GQ Türkiye’ye ilk yazımda sıradan bir karantina gününü tekila, lime suyu, kale, birkaç disko kaydı biraz da hedonizm ile nasıl unutulmaz bir ev partisine dönüştürdüğümü anlatmıştım. Artık yavaş yavaş sosyalleşebildiğimize göre, hadi gelin bu kez de gece hayatında centilmenliğin değişen yeni kurallarını birlikte tanımlayalım.

Yeni centilmen en az birkaç yemeği yapmayı çok iyi bilir, hatta öyle iyi bilir ki bu yemekler zamanla kendisiyle özdeşleşir. Ancak evde değil de dışarıda yemeğe karar verdiğinde de, bu dünyanın kurallarına göre oynamayı en iyi o bilir.
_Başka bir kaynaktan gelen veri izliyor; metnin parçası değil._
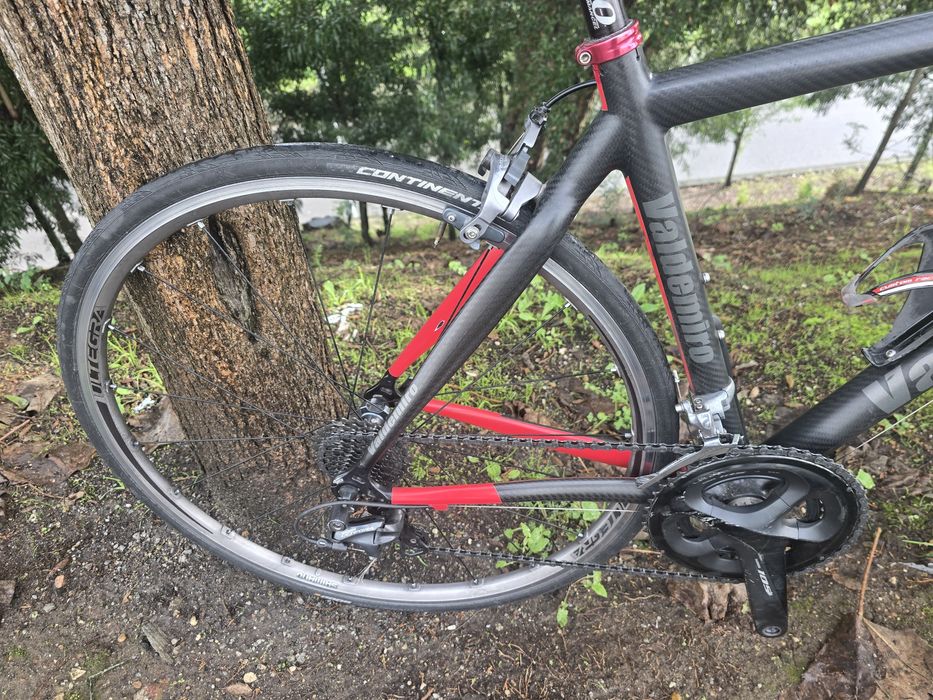 Bicicleta de carbono xs bem equipada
“İşletmeciyi tanıyorum, bana kafa masayı verin” tavrından uzak, bir mekâna gittiğinde gerektiğinde sırada beklemesi bilir, bekletilirken problem çıkarmak yerine, bara geçerek kendine güzel bir kokteyl ısmarlar ve date’ini o andan keyif alarak bekler. Date’i sonunda kapıdan girdiğinde, O aslında o mekânın çoktan bir parçası olmuş gibidir.

Konu yemeğe geldiğinde menüdeki en pahalı tabağı değil, en lezzetli ve en uyumlu seçimi bilir.  Yemek boyunca gerçek anlamda ‘mindful’dur. Yani anda ve farkındadır. Olduğu yerde, olduğu ortama ve kişilere odaklıdır. Gözleri ve ruhu etrafta dolaşmaz. Cep telefonuyla ilgilenmez. ‘After’a nereye gidiyoruz’ diye kovalamaz.
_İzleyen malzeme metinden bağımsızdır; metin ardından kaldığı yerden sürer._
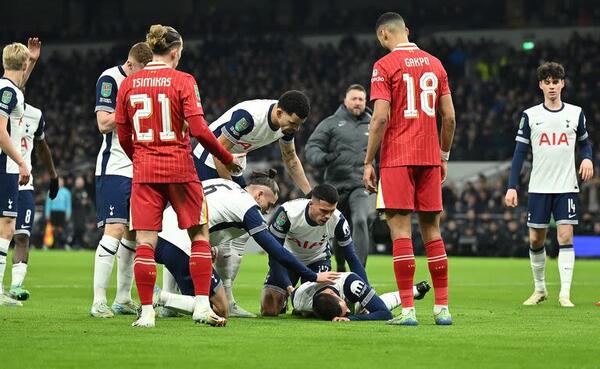 Conmoción en Inglaterra: Rodrigo Bentancur se desplomó en el partido entre el Tottenham y el Liverpool y fue retirado en camilla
Gece boyu adeta bir ‘mood maker’dır. Yarattığı ortamlara uygun insanları bir araya getirmeyi, onları bir arada tutmayı bilir ve herkesi rahat hissettirir.

Çok iyi bir dinleyicidir. Herkesi sonuna kadar dinler, anlar ve anlatılanlara katılım gösterir. Ancak konu kendisine geldiğinde, kadınlarla yaşadığı özel anları kimseyle paylaşmaz.

Özellikle de yaptığı sporu ve özel beslenme programını  tüm gecenin ana sohbet konusu haline getirmez.

Masada tanımadığı insanlar varsa, amacı, yaratacağı ilk izlenimin hatırlanır olmasıdır,  kimseyi şok etmek istemez. Bir masaya sonradan dahil oluyorsa, kendini tanıtır ve masadaki sohbeti domine etmek yerine, eşlik eden olmayı seçer.

Kız arkadaşının BFF’leri ile dışarı çıkıyorsa sadece kız arkadaşına değil yanındaki tüm kadınlara ne içtiklerini sorar. Hesabı öderken kimsenin gözüne sokmaz, ödediğini kimse fark etmez.

Gece hayatında, her anında olduğu gibidir aslında, mükemmel olmaya değil, kendinin en iyi versiyonu olmaya çalışır. Hem kendinin hem de diğerlerinin her halini sever, farklılıkları kabullenir.

 

Bu yazı GQ Türkiye Yaz 2020 sayısında yayınlanmıştır.